Et en répondant tout droit à la Mariette, François la regardait d’une manière qui la fit rougir jusqu’au blanc des yeux, car elle vit qu’il avait l’air d’un homme sévère et bien sérieux, en même temps qu’il montrait tant de tranquillité et de douceur qu’il n’y aurait moyen de le dépiter et de le faire penser ou parler injustement.

La pauvre jeunesse en ressentit comme un peu de peur, elle pourtant qui ne boudait point de la langue pour l’ordinaire, et cette sorte de peur n’empêchait point une certaine envie de plaire à ce beau gars, qui parlait si ferme et regardait si franchement. Si bien que, se trouvant toute confondue et embarrassée, elle eut peine à se retenir de pleurer et tourna vitement le nez d’un autre côté pour qu’il ne la vît dans cet émoi.

Mais il la vit bien et lui dit en manière amicale:

– Vous ne m’avez point fâché, Mariette, et vous n’avez pas sujet de l’être pour votre part. Je ne pense pas mal de vous. Seulement je vois que vous êtes jeune, que la maison est dans le malheur, que vous n’y faites point d’attention et qu’il faut bien que je vous dise comment je pense.

– Et comment pensez-vous? fit-elle; dites-le donc tout d’un coup, pour qu’on sache si vous êtes ami ou ennemi.

– Je pense que si vous n’aimez point le souci et le tracas qu’on se donne pour ceux qu’on aime et qui sont dans un mauvais charroi, il faut vous mettre à part, vous moquer du tout, songer à votre toilette, à vos amoureux, à votre futur mariage, et ne pas trouver mauvais qu’on s’emploie ici à votre place.
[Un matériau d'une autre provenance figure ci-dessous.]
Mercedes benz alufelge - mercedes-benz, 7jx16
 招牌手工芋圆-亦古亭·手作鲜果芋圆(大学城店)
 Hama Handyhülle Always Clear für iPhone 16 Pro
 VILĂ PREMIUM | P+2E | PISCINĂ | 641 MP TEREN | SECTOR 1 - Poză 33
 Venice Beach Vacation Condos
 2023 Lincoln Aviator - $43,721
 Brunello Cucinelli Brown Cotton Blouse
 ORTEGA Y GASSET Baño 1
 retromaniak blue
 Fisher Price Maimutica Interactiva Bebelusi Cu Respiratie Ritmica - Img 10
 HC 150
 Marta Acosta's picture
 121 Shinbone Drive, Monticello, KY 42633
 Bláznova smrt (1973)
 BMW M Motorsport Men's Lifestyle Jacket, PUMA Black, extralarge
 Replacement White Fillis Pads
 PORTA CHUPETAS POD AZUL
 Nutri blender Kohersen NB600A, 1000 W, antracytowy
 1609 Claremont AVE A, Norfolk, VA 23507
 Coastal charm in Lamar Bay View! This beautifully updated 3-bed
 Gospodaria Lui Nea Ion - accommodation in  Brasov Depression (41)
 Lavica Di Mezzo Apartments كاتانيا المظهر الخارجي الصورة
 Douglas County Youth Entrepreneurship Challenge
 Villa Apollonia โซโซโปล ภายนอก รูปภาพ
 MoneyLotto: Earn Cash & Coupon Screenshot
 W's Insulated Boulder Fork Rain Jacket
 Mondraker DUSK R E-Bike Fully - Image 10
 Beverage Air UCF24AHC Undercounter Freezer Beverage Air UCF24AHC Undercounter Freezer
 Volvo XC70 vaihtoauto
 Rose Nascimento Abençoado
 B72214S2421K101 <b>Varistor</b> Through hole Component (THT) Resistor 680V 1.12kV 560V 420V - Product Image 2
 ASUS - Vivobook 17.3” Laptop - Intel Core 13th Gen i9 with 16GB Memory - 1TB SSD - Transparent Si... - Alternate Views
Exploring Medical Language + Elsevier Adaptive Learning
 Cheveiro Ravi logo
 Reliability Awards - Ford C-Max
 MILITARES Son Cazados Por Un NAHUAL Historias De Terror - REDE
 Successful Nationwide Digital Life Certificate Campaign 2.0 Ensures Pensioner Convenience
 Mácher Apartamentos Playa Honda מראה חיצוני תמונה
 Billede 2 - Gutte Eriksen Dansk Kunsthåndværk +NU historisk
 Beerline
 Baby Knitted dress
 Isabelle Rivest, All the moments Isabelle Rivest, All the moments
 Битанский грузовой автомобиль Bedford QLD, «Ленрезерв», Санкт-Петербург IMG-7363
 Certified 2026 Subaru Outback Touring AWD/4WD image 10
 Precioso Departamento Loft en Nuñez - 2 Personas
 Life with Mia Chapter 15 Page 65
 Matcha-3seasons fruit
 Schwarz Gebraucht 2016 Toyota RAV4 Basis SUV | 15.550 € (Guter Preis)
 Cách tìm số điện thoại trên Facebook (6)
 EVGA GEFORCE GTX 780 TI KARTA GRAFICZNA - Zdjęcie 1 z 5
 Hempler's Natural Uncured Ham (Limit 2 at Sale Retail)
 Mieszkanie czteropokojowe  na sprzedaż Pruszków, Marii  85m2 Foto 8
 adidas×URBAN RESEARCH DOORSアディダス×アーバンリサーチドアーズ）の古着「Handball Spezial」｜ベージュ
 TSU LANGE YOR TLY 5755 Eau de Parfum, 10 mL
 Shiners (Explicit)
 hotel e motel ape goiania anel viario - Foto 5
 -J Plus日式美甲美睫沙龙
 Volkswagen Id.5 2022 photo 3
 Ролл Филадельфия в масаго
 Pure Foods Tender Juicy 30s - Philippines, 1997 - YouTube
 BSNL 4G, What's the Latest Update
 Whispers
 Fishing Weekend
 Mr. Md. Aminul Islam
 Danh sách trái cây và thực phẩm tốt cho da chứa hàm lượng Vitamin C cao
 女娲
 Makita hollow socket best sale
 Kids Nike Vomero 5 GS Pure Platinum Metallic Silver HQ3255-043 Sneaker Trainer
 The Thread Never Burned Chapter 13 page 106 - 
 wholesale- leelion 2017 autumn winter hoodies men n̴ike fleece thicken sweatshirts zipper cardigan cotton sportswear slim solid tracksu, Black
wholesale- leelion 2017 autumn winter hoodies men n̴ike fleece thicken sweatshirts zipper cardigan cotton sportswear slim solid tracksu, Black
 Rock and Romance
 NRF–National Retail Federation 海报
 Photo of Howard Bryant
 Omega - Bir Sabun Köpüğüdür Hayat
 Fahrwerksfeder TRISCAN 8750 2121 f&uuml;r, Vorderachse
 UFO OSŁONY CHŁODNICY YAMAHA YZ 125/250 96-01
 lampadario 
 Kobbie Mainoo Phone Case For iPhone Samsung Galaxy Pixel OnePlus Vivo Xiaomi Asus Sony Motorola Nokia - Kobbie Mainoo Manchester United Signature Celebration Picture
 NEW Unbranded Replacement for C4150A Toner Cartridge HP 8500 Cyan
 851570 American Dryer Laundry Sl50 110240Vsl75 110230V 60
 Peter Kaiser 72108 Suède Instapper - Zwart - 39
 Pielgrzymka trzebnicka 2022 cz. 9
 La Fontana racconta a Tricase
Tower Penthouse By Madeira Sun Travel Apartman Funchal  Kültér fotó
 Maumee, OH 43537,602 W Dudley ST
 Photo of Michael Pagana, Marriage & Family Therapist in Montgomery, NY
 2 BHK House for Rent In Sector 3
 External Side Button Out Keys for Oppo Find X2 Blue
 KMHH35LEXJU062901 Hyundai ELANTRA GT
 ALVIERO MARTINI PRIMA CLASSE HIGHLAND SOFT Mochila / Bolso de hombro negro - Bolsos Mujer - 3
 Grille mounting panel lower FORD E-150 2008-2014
Mais si vous avez du cœur, la belle enfant, si vous aimez votre belle-sœur et votre gentil neveu, et mêmement la pauvre servante fidèle qui est capable de mourir sous le collier comme un bon cheval, il faut vous réveiller un peu plus matin, soigner Madeleine, consoler Jeannie, soulager Catherine, et surtout fermer vos oreilles à l’ennemie de la maison, qui est madame Sévère, une mauvaise âme, croyez-moi. Voilà comment je pense, et rien de plus.

– Je suis contente de le savoir, dit la Mariette un peu sèchement, et à présent vous me direz de quel droit vous me souhaitez penser à votre mode.

– Oh! c’est ainsi! répondit François. Mon droit est le droit du champi, et pour que vous n’en ignoriez, de l’enfant reçu et élevé ici par la charité de madame Blanchet; ce qui est cause que j’ai le devoir de l’aimer comme ma mère et le droit d’agir à celle fin de la récompenser de son bon cœur.